Summary and Contributions: I thanks the authors for the rebuttal. If the paper is accepted, it is essential that the authors integrate the feedback from the reviewers as much as possible. Among others, the authors agree to present the scope in the recommended way, as a Sokoban-specific paper, rather than general planning. The paper focuses on solving difficult combinatorial-search problems such as Sokoban instances. Building on top of recent work, the approach involves Monte-Carlo Tree Search (MCTS) combined with a deep learning neural architecture that provides probability scores for actions applicable in a state, as well as a value of a given state. Deep learning architectures considered include a convolutional neural net and a graph neural net. As one of the main novelties, the paper introduces a strategy to select the instances to use in training at a given point in time. The empirical evaluation provided shows that the approach presented solves more difficult instances from a standard dataset than state-of-the-art solvers.

Strengths: The performance appears to be strong, with a significant number of difficult instances being solved automatically for the first time, according to the paper. These are solved with a unique learned policy, as opposed to a different policy for each instance. The paper is clear and relatively easy to read.

Weaknesses: The title is misleading and so is the claim that this work is focused on AI planning. All this work is focused on one single domain. I understand that these ideas could also be applied to other planning problems, but until this is demonstrated with an implementation and experiments, the claim about addressing planning as a broad area is not justified. Tables and Figure 3 lack visual clarity, being difficult to grasp their main point just through a quick glance. This needs to be improved. The analysis in Section 4.2 needs to be broader than just one instance.

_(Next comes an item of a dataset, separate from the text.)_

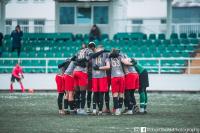 Korona Rzeszów na plus! Dublet ustrzelił Krajewski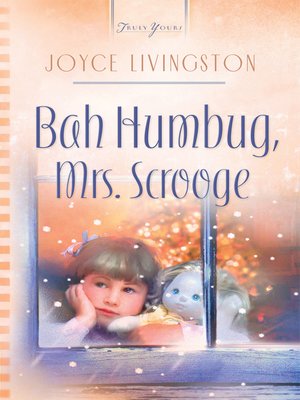 cover image of Bah Humbug, Mrs. Scrooge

Correctness: Assuming that comments provided in this review are addressed (such as the one about planning vs Sokoban), the correctness looks okay.

Clarity: Yes. Please see a few minor issues in the comments to the authors.

Relation to Prior Work: The related work survey looks reasonable. Some older work on Sokoban includes: Andreas Junghanns, Jonathan Schaeffer: Sokoban: Enhancing general single-agent search methods using domain knowledge. Artif. Intell. 129(1-2): 219-251 (2001) Adi Botea, Martin Müller, Jonathan Schaeffer: Using Abstraction for Planning in Sokoban. Computers and Games 2002: 360-375

Reproducibility: Yes

Additional Feedback: Typos: Line 14 ("approach" mispelled) Line 180: "an modification" Line 200: "a instance" Using a reference instead of a name in a sentence is a bad style as far as I can tell. For example: "[10] first proposed", "[12] used a..." etc. The correct phrasing is: "Elman [10] proposed" etc.